In a faraway city, I have a daughter who is trying to figure out the rest of her life.

To be fair, I suppose there are moments in each week when you and I are trying to figure out the rest of our lives, too. But my daughter is at that moment of impending college graduation when the “real” world beyond the classroom is lurking like some ogre — or perhaps an angel — outside the door.

I remember those days, only I thought I knew what my ogre looked like. I was an education major, and it was just a matter of finding a school that would hire me. I don’t remember being particularly excited about that prospect, but I’d planned to be a teacher since I was a kid.

After all, that was the occupation of almost every role model I’d met, besides wives and mothers, and I assumed it would take some time to move into those categories.

So I didn’t feel a lot of wiggle room, and when a Catholic high school in a small Midwestern town hired me to teach history, off I went.

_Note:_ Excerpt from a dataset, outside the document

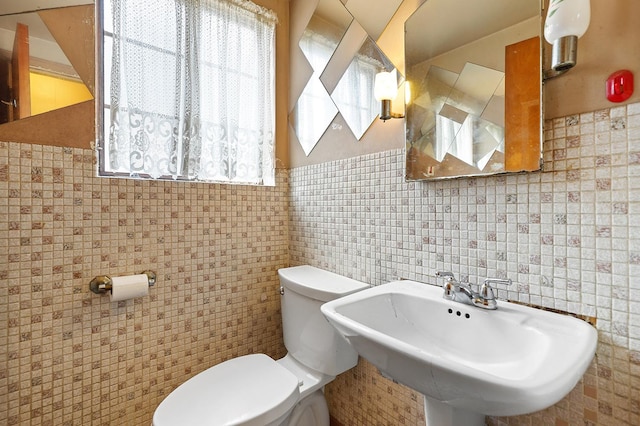 1571 W 100th Pl, Chicago, IL 60643 - bathroom featuring toilet, tile walls, and a sink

Unfortunately, I didn’t know anyone there, and it was a summer Sunday when my mother and I went to check out apartments for me.

The town was shut down tight as a drum for the Sabbath. The town’s Main Street was about as lively as the local cemetery. Was my life over? I went home, flung myself on my mother’s bed and cried miserably.

And from there, the “real” world opened its doors to me, and life was hardly over.

Although Advent is far behind us, and Lent beckons, this morning I found myself reading the first few chapters of Luke. Lots of pleading, surprises and acceptance are packed into a few paragraphs as Luke begins the story of our salvation with Elizabeth, Zechariah and Mary. Mary’s words always capture our attention: “Behold, I am the handmaid of the Lord. May it be done to me according to your word” (Lk 1:38).

Scripture presents Mary as the perfect example of “figuring out the rest of our lives.” An earthshaking request: Would you be the mother of God’s incarnation? And a nonqualified “yes.” There was no checking the calendar, consulting with the religious authorities or asking for a few days to think it over.

Of course, the appearance of an angel would grab your attention. As a matter of fact, in one of our conversations, my daughter said, “Pray that God will send me a sign.” I’ve suggested that to God a few times since then, and it has led me to mull over the idea of a “sign” and how often we probably have one thrust before us and don’t, or won’t, see it.

The thing about Mary is, she really had no idea what she was getting into. How could any girl have had a clue? Even much later, in Luke 2:19, we’re told Mary “kept all these things, reflecting on them in her heart.” There must have been a great deal of pondering, but what Mary recognized, and what God recognized in Mary, was that she was receptive to the will of God, no matter how oblique it might appear or how confusing life might seem.

Mary’s openness to God’s will came first, the figuring out the rest of her life came gradually.

Maybe a good resolution for Lent, and a good way to pray for my daughter and all of us who are wondering what comes next, is to pray first for an openness to God, whose wonderful surprises and marvelous signs always transcend our preconceptions.